[[ INFORMATION, beginning ]]
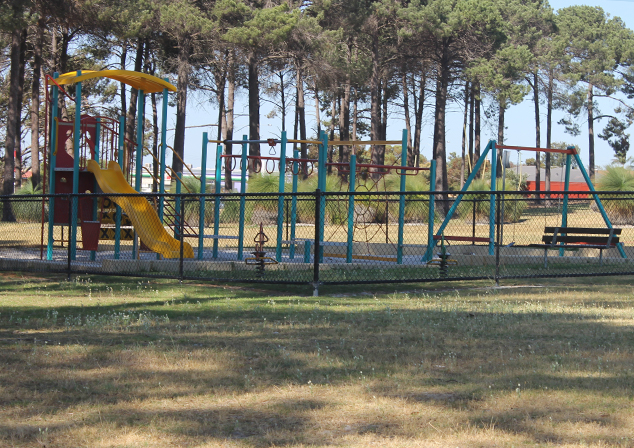 Photo of playground equipment with fencing around it. Trees in background and grass in foreground.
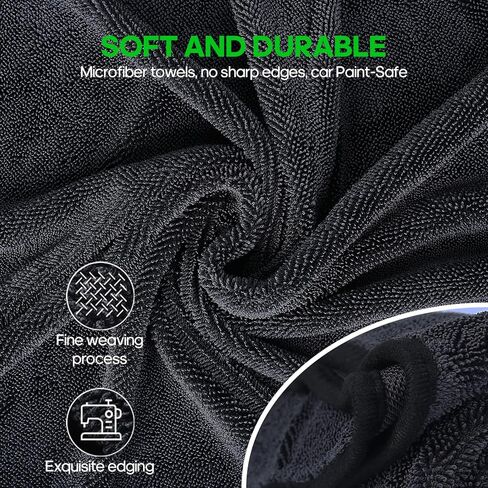 PBHEPJ 2-Pack XXL (48 "× 24") منشفة تجفيف سيارات الألياف الدقيقة ، منشفة تنظيف السيارات على الوجهين مع تقنية الغزل الملتوية ، 1200GSM فائقة الامتصاص ، خالية من الخدش ، قابلة للغسل in Kuwait
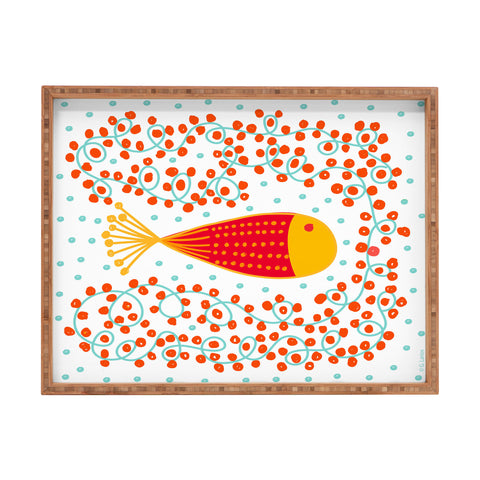 Gabriela Larios Ovopez Red Rectangular Tray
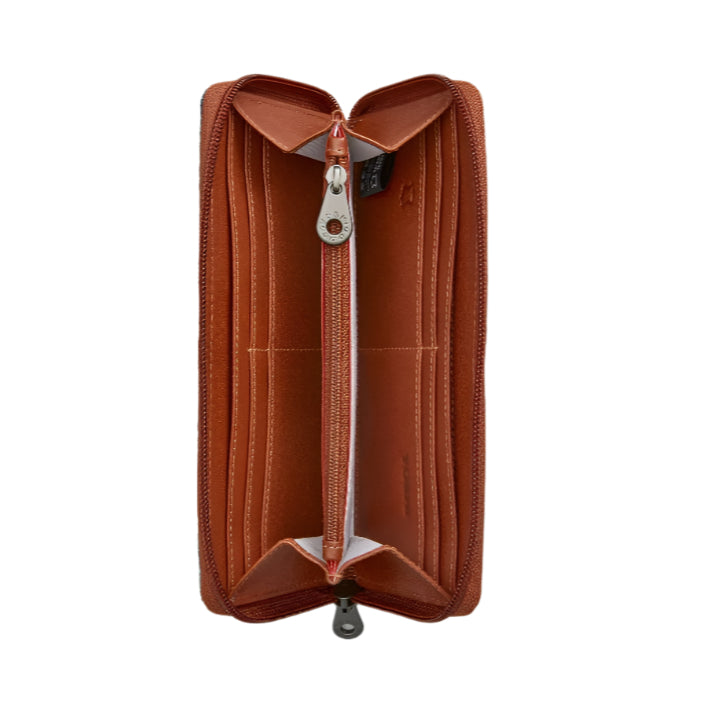 Oxford Zip Around Purse - Highland Cow Blue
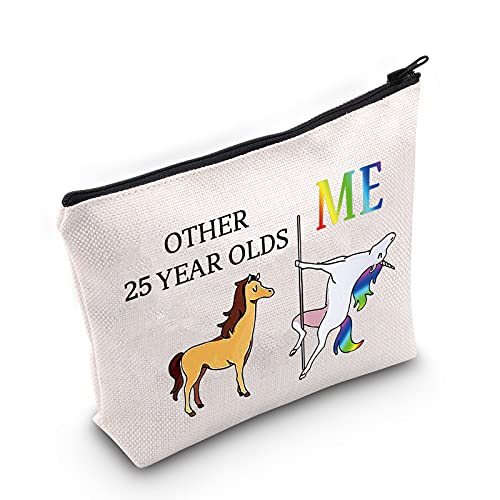 Bolsa de maquillaje para 25 cumpleaños, regalo divertido para 25 años, ideal para mujeres y otros 25 años de edad, mí, unicornio, regalo de 25 cumpleaños, bolsa de cosméticos, Lona.,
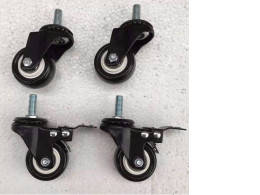 Set of 4 Cart wheels 1.5 inches, 2 inches, black Set of 4 Cart wheels 1.5 inches, 2 inches, black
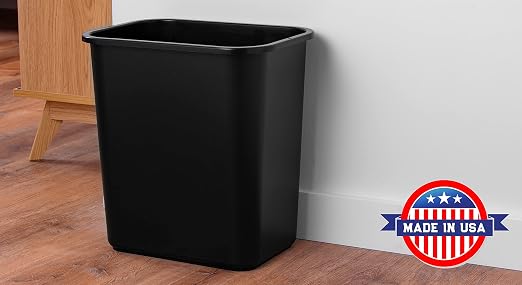 United Solutions 13 Quart / 3.25 Gallon Space-Efficient Trash Wastebasket, Fits Under Desk and Narrow Spaces in Commercial Office, Kitchen, Home Office, and Dorm, Easy to Clean, Black (Pack of 1) - Image 5
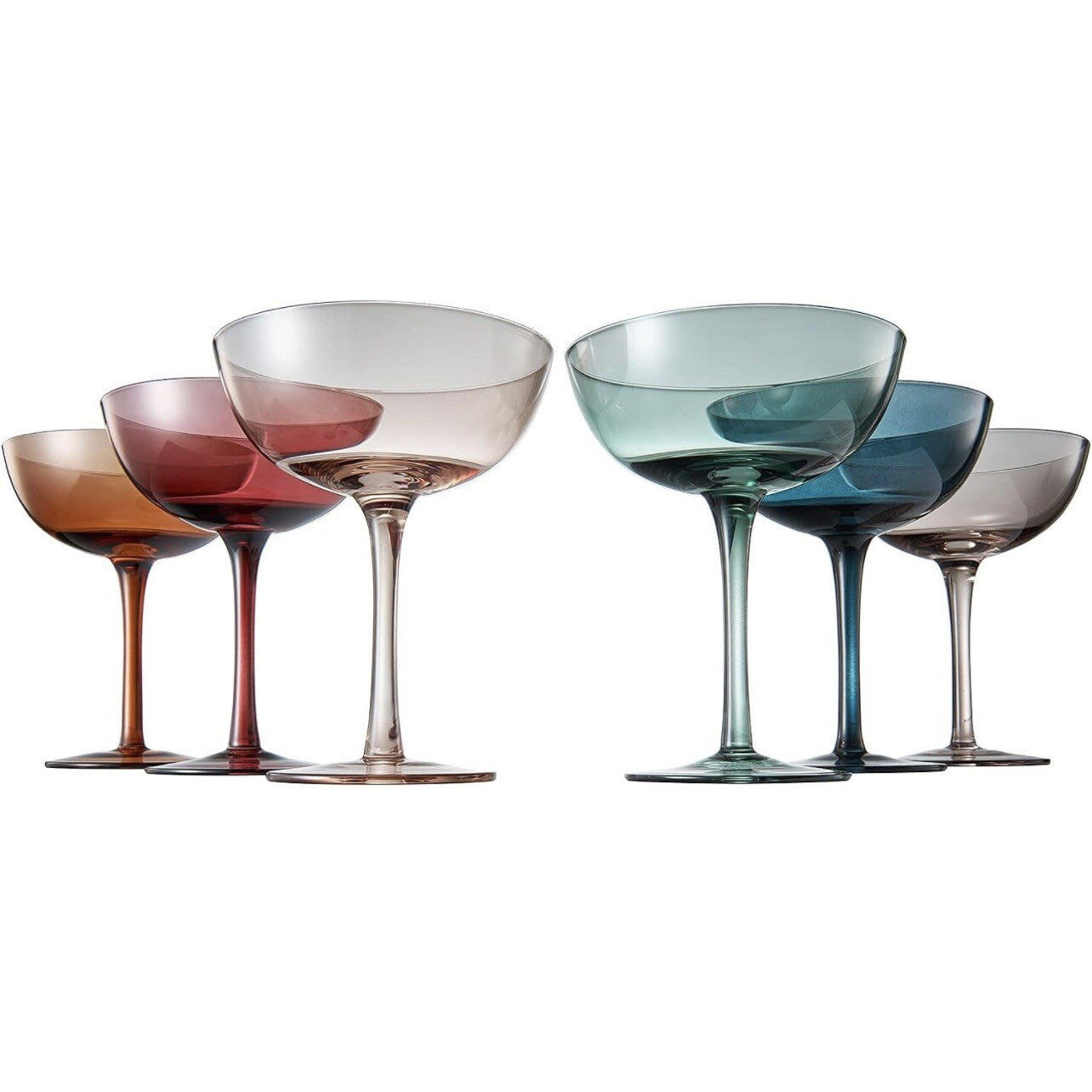 NEW West Elm (Set of 6) Colorful Stemmed Crystal Champagne Coupe Glass Bar Set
[[ INFORMATION, end ]]
**ACTION ITEM:** Give again the lines of the listing above that run from the one with "Oxford Zip Around Purse - Highland Cow Blue" up to and including the one with "Set of 4 Cart wheels 1.5 inches, 2 inches, black Set". Keep them exact and omit the pictures.

**TASK SOLUTION:**
 Oxford Zip Around Purse - Highland Cow Blue
 Bolsa de maquillaje para 25 cumpleaños, regalo divertido para 25 años, ideal para mujeres y otros 25 años de edad, mí, unicornio, regalo de 25 cumpleaños, bolsa de cosméticos, Lona.,
 Set of 4 Cart wheels 1.5 inches, 2 inches, black Set of 4 Cart wheels 1.5 inches, 2 inches, black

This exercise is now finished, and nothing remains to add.